Residents in Glastonbury, Somerset, aim to petition Queen Elizabeth II to exonerate Blessed Richard Whiting from treason almost 500 years after he was hanged, drawn and quartered on Glastonbury Tor.

So far the petition has been signed by some 400 local people, including Michael Eavis, the Glastonbury Festival founder, and also by such figures as Alison Weir, the historian.

They assert that Blessed Richard was “brutally murdered” following a “grave miscarriage of justice” during the Dissolution of the Monasteries under King Henry VIII.

“We are asking for justice and an act of mercy for this worthy Englishman,” the organisers say in the petition, “for Abbot Whiting to be exonerated of any accused wrongdoing and granted by the Grace of Her Majesty Queen Elizabeth II, a Royal Pardon, absolution and restored to the right of being known as innocent.
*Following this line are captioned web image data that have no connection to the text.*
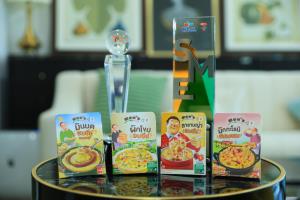 จากครัวบ้านๆ สู่ SME ร้อยล้าน Reo’s Deli ก่อนโตแรงในเซเว่นฯ อาหารพร้อมทานนวัตกรรม No-Bake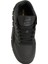 Area Lo Siyah Erkek Deri Sneaker 4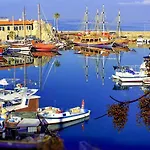 Kyrenia British Harbour Otel 4*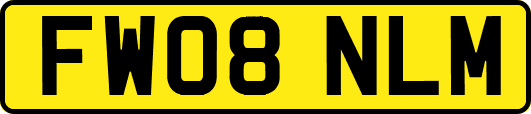 FW08NLM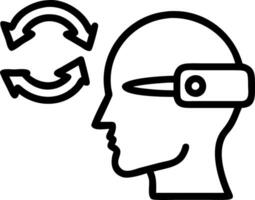 Retro Futurism Film Aesthetics VR role play merging classic visuals cultural depth wearable inputs AR layers multi sensory nuance narrative arcs vector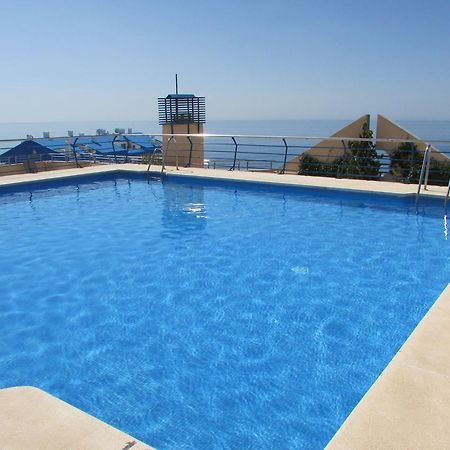 Apartamento Marbella Playa Av Nabeul Bagian luar foto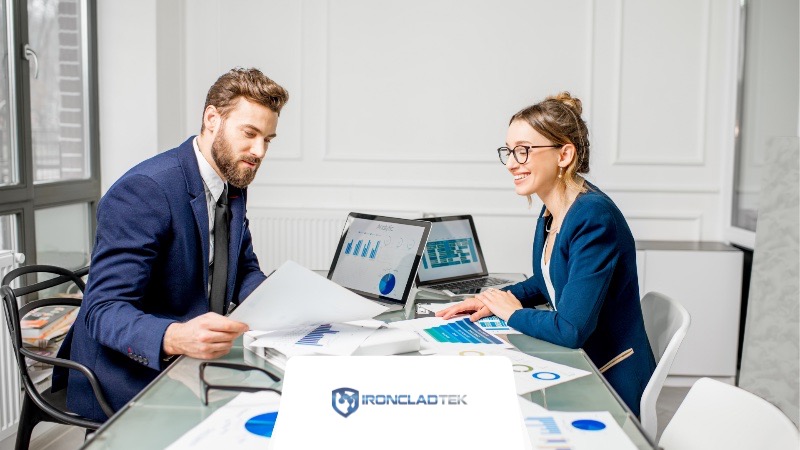 break fix vs managed services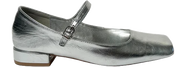 Kennie Rylie Women's Pirouette in Silver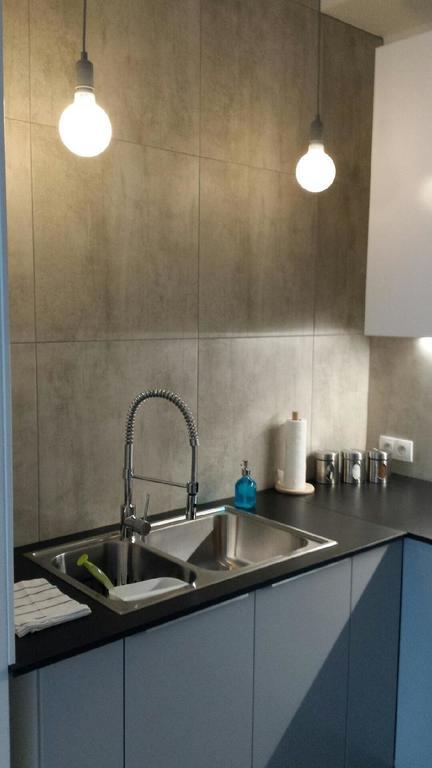 Modern Apartment Kosinskiego 波兹南 外观 照片
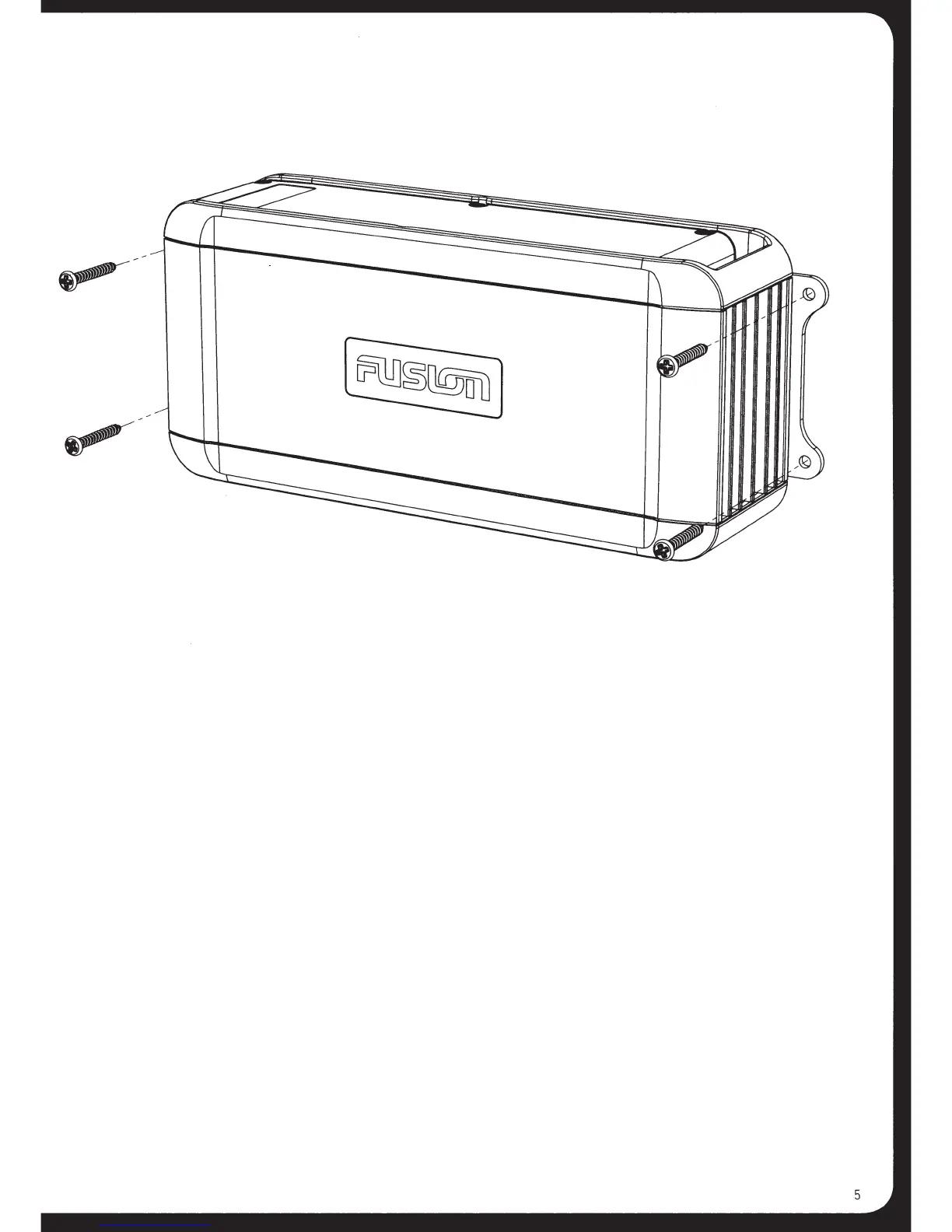 Page #5 background image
“This would bring much peace and healing to our town,” they added.

“With it being Her Majesty’s Platinum Jubilee next year we fell it is a perfect, and long overdue opportunity to do so.”

Blessed Richard was one of three mitred Benedictine abbots to resist Henry’s seizure and dissolution of the abbeys.

He was executed on November 15, 1539, the same day that a second of the abbots, Blessed Hugh Faringdon, was hanged, drawn and quartered outside of his abbey in Reading.

The last of the three to die was Blessed John Beche, the Abbot of Colchester and a former Abbot of Chester, who was executed on the green outside of Abbey of St John the Baptist, Colchester, a fortnight later, on December 1.

Blessed Richard was described in contemporary documents to be “an upright and religious monk, a provident and discreet man, and a priest commendable for his life, virtues and learning”.

The three abbots were compared at the time of their deaths, even by their enemies, to St Thomas Becket, the Archbishop of Canterbury who was martyred in the 12th century after opposing the excesses of King Henry II.

All three were beatified by Pope Leo XIII in 1895.

There is continued evidence of a cult devoted to the three martyrs.

For instance, on June 24, the feast of St John the Baptist, Abbot Geoffrey Scott of Douai Abbey became the first Benedictine priest to celebrate Mass for the English martyrs on the site of Colchester Abbey since November 30 1539, the eve of its dissolution and the death of Blessed John, its final abbot.

The event was attended by distinguished local figures, including Lord Petre, the Lord Lieutenant of Essex, and by Sir Bob Russell, the High Steward of Colchester, who is also proposing to honour Blessed John with a memorial plaque installed in the town hall.